→ **Requirement**
Copy exactly the lines from the start of the material through the line with "Nothing can go". Pictures stay out of the copy.

→ **Dataset excerpts**
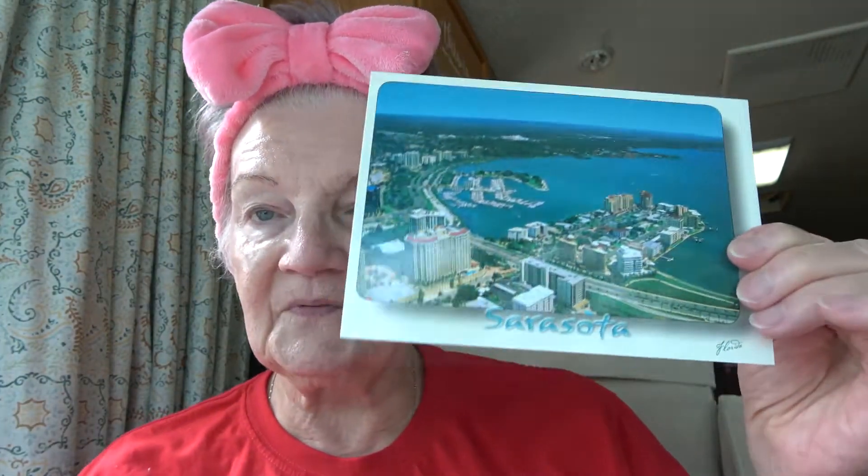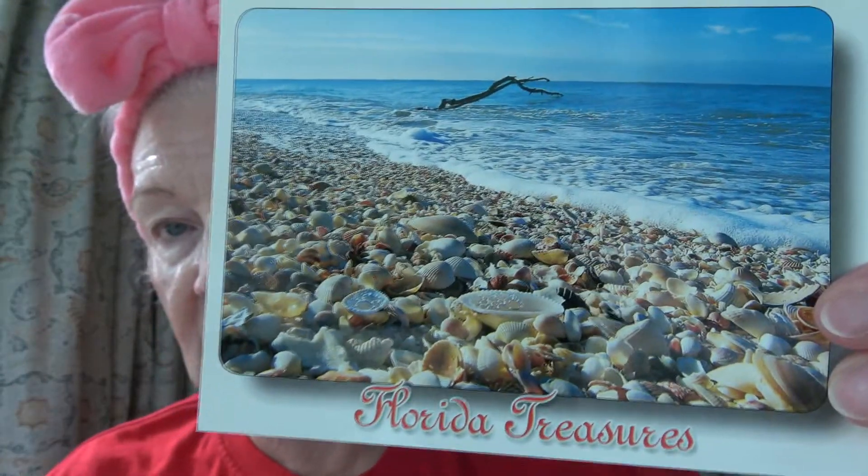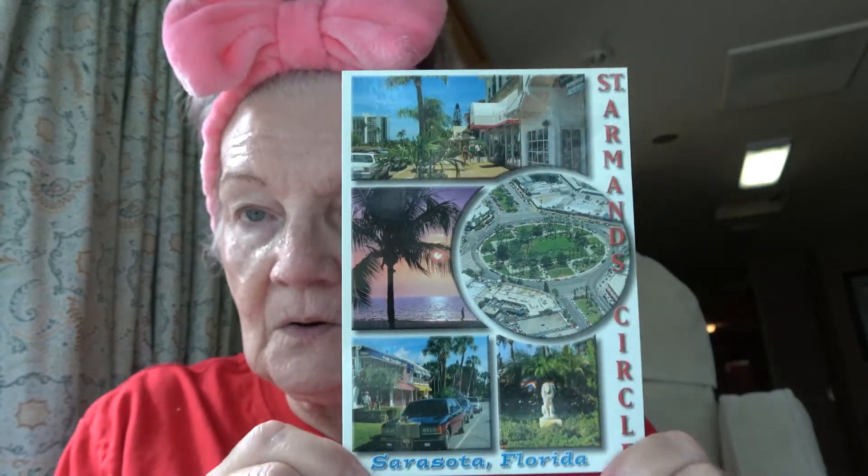We have a map of Sarasota — we're very close to here. And Florida Treasures with all the pretty shells and different pictures of Florida. Then there's St. Armand Circle — that's really for the rich and famous but you can always go there and walk around because it's really pretty. All the shops are very boutique-ish and they have ice cream shops and local coffee shops.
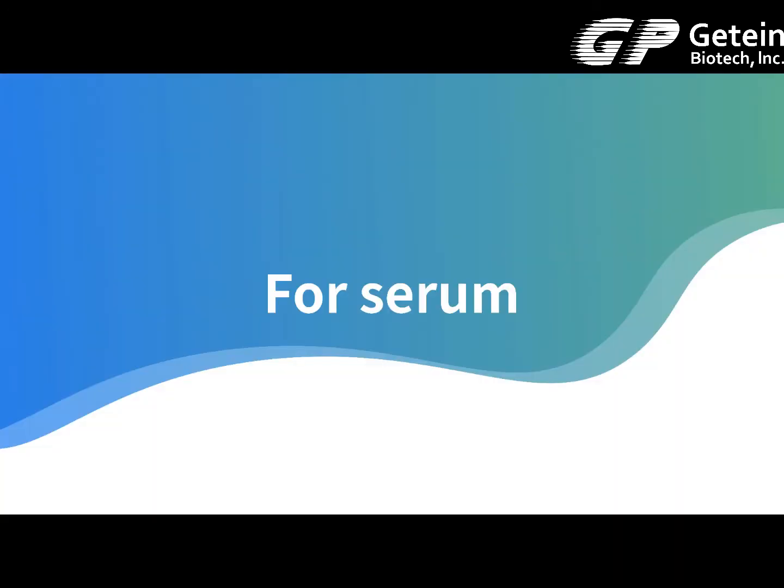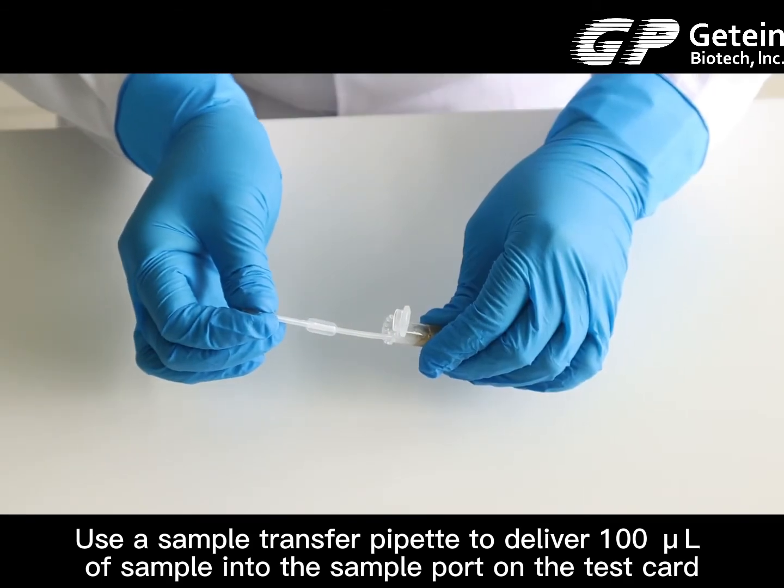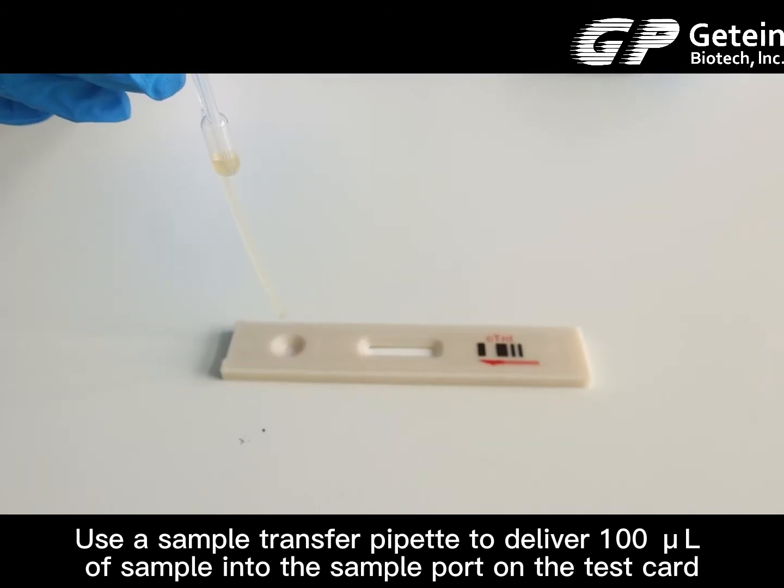For a serum sample, use the sample transfer pipette to deliver 100 microliters of the sample into the sample port on the test card.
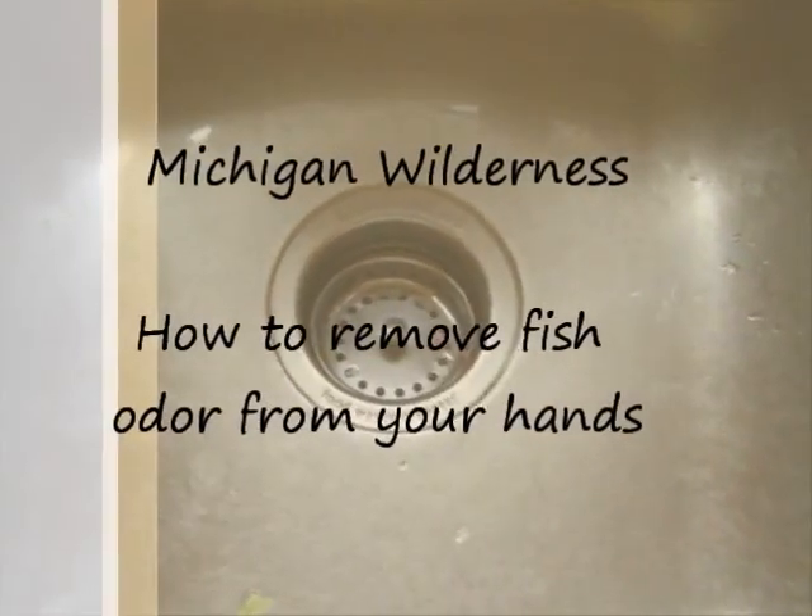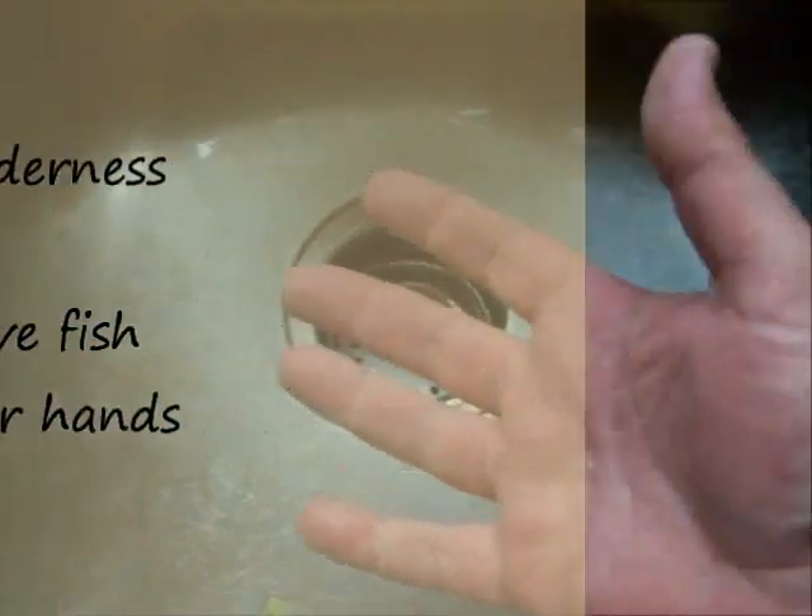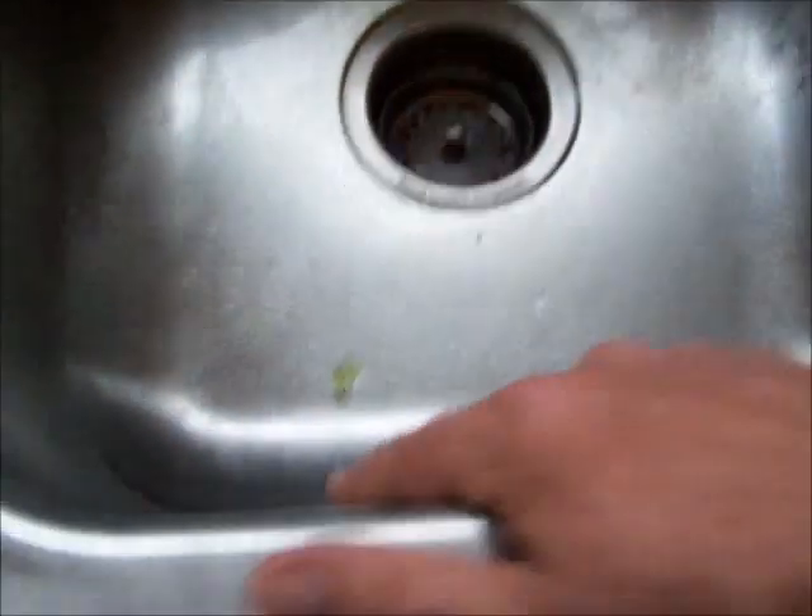Well this is another quick tip. If you've been cleaning fish and your hands smell like fish, just rub them on something stainless.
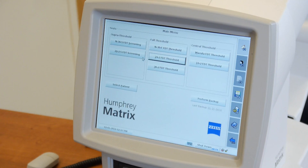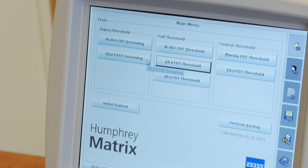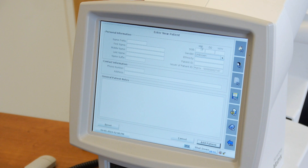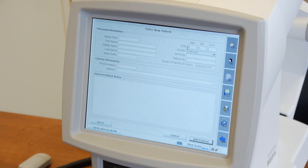On the screen, select the 24-2-5 FDT screening under the super threshold. Select add patient. Enter the date of birth using only the month and year. For the day of birth, use the first of the month and then click enter.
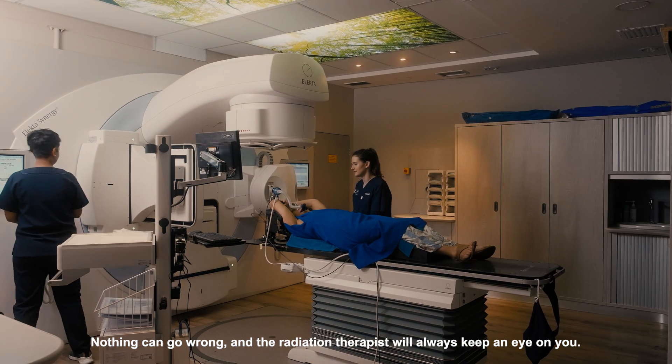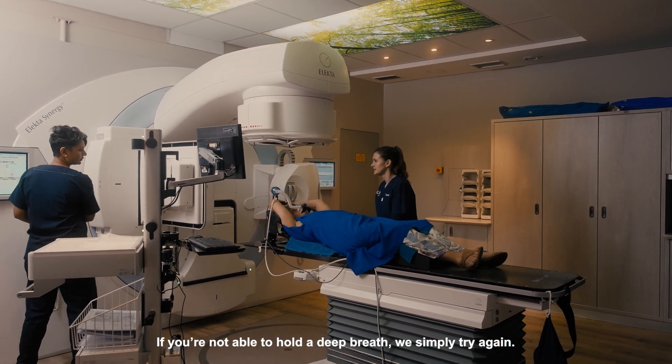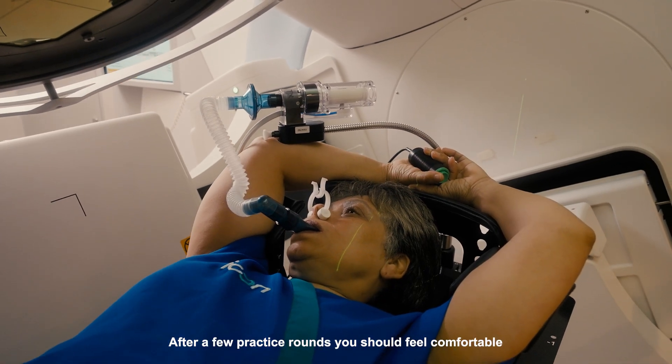Nothing can go wrong and the radiation therapist will always keep an eye on you. If you are not able to hold a deep breath, we simply try again. After a few practice rounds you should feel comfortable.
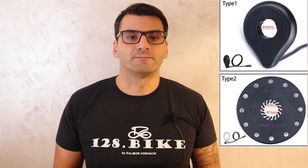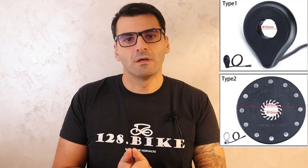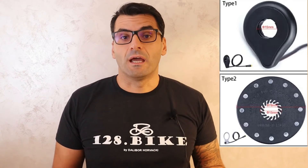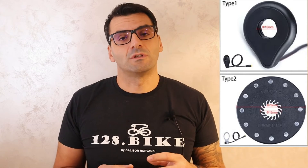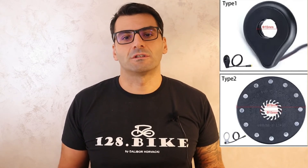There are two main types of these sensors on the market now. Ones that are mounted on the right side under the bottom bracket cup, and a second version which is mounted on the left side and pressed into the left cup. There are also some versions on the market that are pressed into the right cup as well.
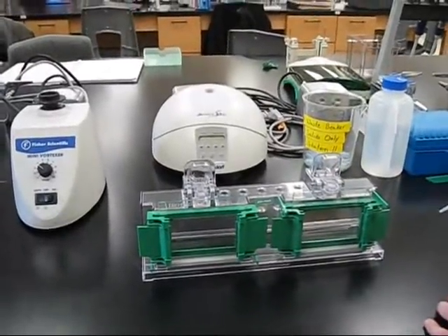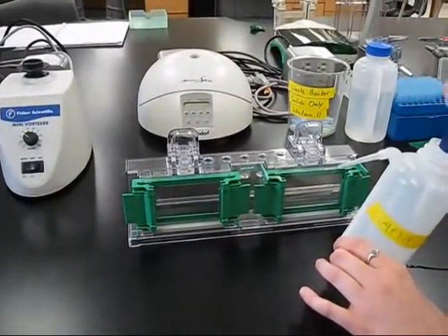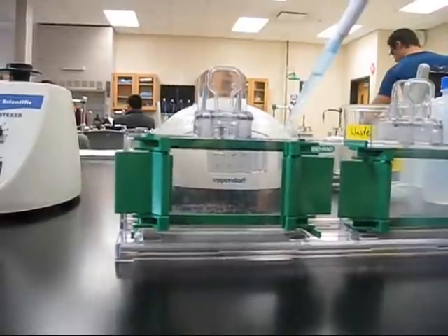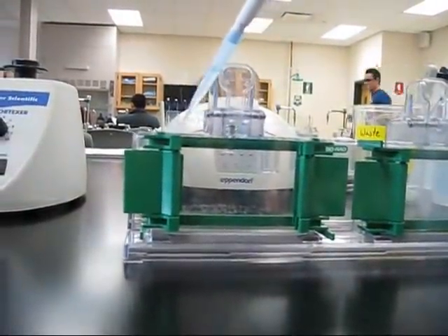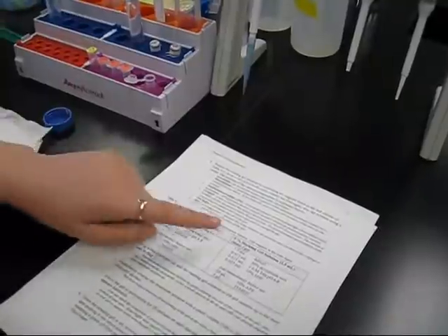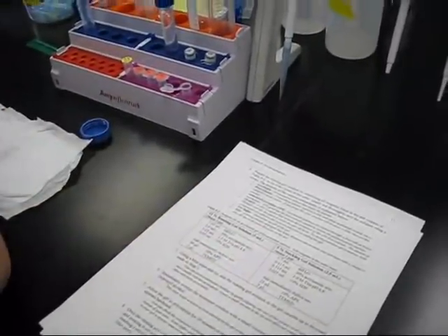Immediately overlay the monomer solution with a small volume, 100–200 µL, of isopropyl alcohol. Once this has been completed, allow the gel to polymerize for 20 minutes or until the residual gel in your sample tube appears hardened. Make your stacking gel according to Table 9-2 on the right hand side. Do not make your stacking gel too early, otherwise it will solidify.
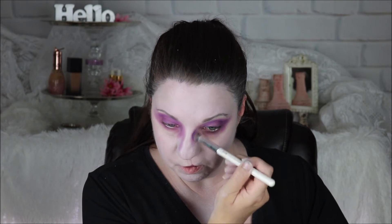Now I'm going to take some purple eyeshadow and put it around my eyes. I'm just going to fill in that entire eye area with purple. We're going to come down a little bit on our nose with that purple as well.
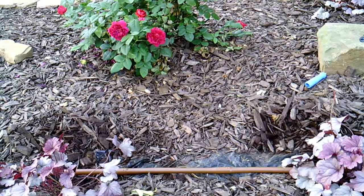To run drip lines to each individual rose bush, I'm going to be punching a hole in the brown tubing and putting in a one gallon per hour emitter. Then I'll be connecting a quarter inch tube to that emitter and running it over to the rose bush and staking it in.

→ **Solution**
We have a map of Sarasota — we're very close to here. And Florida Treasures with all the pretty shells and different pictures of Florida. Then there's St. Armand Circle — that's really for the rich and famous but you can always go there and walk around because it's really pretty. All the shops are very boutique-ish and they have ice cream shops and local coffee shops.
For a serum sample, use the sample transfer pipette to deliver 100 microliters of the sample into the sample port on the test card.
Well this is another quick tip. If you've been cleaning fish and your hands smell like fish, just rub them on something stainless.
On the screen, select the 24-2-5 FDT screening under the super threshold. Select add patient. Enter the date of birth using only the month and year. For the day of birth, use the first of the month and then click enter.
Nothing can go wrong and the radiation therapist will always keep an eye on you. If you are not able to hold a deep breath, we simply try again. After a few practice rounds you should feel comfortable.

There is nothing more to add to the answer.